Interaction Paradigms for Model Evaluation

June 29, 2024

by Paul Bricman, CEO

Evaluations
Coordination
Governance

The following is an evergreen resource that will be extended and refined as new interaction paradigms emerge across the model evaluation ecosystem. If you have any suggestions or feedback, please reach out.

Model evaluation has become a key part of AI development, often involving multiple stakeholders, each with their own goals and desires. As models become increasingly powerful and influential, the methods we use to assess them must evolve in parallel. This article focuses on the model evaluations ecosystem, exploring the key players involved and the various interaction paradigms they may rely on to achieve their objectives.

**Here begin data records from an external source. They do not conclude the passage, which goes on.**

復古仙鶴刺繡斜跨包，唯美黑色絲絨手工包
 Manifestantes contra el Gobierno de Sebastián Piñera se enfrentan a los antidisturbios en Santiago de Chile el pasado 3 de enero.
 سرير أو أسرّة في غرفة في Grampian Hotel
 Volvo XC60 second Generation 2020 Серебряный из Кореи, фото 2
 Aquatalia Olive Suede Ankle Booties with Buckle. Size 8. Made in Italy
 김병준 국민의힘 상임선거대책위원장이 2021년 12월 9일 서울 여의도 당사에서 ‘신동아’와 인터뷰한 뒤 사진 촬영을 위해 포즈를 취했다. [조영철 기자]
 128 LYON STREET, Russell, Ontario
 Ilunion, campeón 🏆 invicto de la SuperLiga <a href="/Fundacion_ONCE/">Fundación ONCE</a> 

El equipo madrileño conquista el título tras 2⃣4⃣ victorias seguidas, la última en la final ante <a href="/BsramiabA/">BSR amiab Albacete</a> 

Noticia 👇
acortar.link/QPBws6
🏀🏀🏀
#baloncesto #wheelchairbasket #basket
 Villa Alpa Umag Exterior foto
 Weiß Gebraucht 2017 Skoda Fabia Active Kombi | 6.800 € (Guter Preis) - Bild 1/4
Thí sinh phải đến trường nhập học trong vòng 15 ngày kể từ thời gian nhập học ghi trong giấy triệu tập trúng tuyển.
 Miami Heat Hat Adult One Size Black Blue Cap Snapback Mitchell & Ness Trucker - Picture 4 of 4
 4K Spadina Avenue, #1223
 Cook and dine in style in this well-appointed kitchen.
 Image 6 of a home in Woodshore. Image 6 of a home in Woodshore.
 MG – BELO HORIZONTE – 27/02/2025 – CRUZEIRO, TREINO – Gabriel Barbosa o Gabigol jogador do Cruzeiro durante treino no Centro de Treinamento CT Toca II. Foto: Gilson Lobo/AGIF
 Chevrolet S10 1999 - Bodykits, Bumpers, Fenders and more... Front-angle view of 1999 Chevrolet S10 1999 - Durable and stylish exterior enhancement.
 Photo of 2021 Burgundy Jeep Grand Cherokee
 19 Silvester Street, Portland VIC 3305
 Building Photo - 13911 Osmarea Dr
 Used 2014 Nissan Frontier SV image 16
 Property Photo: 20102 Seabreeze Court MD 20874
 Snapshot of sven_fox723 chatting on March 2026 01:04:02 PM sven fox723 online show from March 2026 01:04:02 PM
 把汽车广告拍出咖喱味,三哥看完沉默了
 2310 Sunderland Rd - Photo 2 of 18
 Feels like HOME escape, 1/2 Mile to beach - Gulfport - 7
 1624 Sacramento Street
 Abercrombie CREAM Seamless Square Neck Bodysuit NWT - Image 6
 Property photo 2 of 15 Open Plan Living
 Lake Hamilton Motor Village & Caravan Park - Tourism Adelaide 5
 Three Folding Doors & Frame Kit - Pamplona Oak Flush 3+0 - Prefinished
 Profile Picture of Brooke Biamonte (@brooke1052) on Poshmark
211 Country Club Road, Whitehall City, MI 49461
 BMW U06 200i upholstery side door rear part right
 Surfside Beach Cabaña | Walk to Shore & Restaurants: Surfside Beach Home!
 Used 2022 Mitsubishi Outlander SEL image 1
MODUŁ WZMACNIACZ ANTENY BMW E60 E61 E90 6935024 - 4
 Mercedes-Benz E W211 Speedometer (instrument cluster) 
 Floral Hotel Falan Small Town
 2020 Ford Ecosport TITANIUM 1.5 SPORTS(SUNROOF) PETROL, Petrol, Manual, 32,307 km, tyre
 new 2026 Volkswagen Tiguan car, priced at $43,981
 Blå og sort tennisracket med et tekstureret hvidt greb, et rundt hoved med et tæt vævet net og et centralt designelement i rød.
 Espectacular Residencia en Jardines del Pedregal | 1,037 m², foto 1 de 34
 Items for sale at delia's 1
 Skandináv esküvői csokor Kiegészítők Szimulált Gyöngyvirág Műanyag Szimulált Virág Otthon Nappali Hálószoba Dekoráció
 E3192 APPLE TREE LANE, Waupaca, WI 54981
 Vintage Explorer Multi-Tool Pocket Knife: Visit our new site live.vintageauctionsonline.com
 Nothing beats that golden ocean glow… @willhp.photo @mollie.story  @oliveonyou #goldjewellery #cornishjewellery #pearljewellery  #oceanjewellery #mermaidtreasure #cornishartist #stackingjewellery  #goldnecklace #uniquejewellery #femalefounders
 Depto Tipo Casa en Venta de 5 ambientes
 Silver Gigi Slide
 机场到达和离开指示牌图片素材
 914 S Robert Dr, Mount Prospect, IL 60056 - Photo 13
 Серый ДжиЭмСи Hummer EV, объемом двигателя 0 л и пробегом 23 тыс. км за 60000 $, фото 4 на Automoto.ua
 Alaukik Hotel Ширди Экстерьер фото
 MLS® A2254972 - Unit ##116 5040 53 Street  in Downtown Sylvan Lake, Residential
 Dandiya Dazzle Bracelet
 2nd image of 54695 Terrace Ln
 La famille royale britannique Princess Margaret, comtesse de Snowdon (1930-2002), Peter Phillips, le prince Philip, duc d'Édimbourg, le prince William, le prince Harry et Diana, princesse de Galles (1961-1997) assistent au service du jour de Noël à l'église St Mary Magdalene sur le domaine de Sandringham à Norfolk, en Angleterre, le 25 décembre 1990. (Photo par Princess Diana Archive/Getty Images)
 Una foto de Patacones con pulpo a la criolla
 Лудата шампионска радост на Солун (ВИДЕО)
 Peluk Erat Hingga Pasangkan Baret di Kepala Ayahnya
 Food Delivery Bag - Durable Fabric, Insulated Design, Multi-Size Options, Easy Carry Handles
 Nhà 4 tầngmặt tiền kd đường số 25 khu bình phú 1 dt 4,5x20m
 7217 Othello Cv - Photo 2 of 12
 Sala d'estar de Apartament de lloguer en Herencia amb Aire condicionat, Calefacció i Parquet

The evaluation of AI systems is not merely a technical exercise; it's a delicate balancing act that must consider security, intellectual property, efficiency, and transparency. As we'll see, different evaluation arrangements offer varying trade-offs between these factors, and understanding these nuances is crucial for effective AI governance.

Players

Before we discuss the pros and cons of the different arrangements, let's introduce the key players:

Model Providers are responsible for providing their models as objects of the evaluation process. Their goals include getting a greenlight for placing their model on a market, differentiating themselves in terms of the performance of their offering along certain dimensions for commercial uptake, positioning themselves as responsible and trustworthy in terms of brand identity, and getting insight into the properties of their models for informing future practices.
Evaluation Providers are responsible for providing their evaluations as tools for evaluating models. Their goals include enabling high-stakes model evaluations, demonstrating excellence in methodology, differentiating themselves in terms of the auxiliary properties of their evaluation (e.g. cost, speed, simplicity), and getting insight into the shortcomings of their evaluation for informing future work.
Infrastructure Providers are responsible for providing the toolchains, protocols, and computational resources for making it possible to carry out the evaluation. Their goals include enabling high-stakes model evaluations through bespoke tooling, demonstrating that their tooling has guarantees pertaining to "trust principles" (i.e. security, confidentiality, availability, privacy, and processing integrity), differentiating themselves in terms of the auxiliary properties of their tooling (e.g. cost, speed, simplicity), and getting insight into the blindspots of their tooling for informing future iterations.
Auditors are responsible for actually carrying out the model evaluation using the model, evaluation, and infrastructure provided by the above roles. Their goals include enabling the greenlighting of models about to enter a market, enabling third-parties to query the assessed safety properties of a given model, demonstrating that they indeed carried out the evaluation and obtained certain results, and informing the subsequent process of potentially carrying out mitigations.
Institutions are responsible for potentially backing the outputs of the auditor so as to attest regulatory compliance in their local jurisdiction. Their goals include enabling the greenlighting of models about to enter the market, certifying the auditors or their outputs with a view towards making sure the outputs are useful for establishing harmonized regulatory adherence, ensuring models get assessed before entering the market (e.g. through legal deterrence), and driving a balanced and proportional approach to safety and innovation.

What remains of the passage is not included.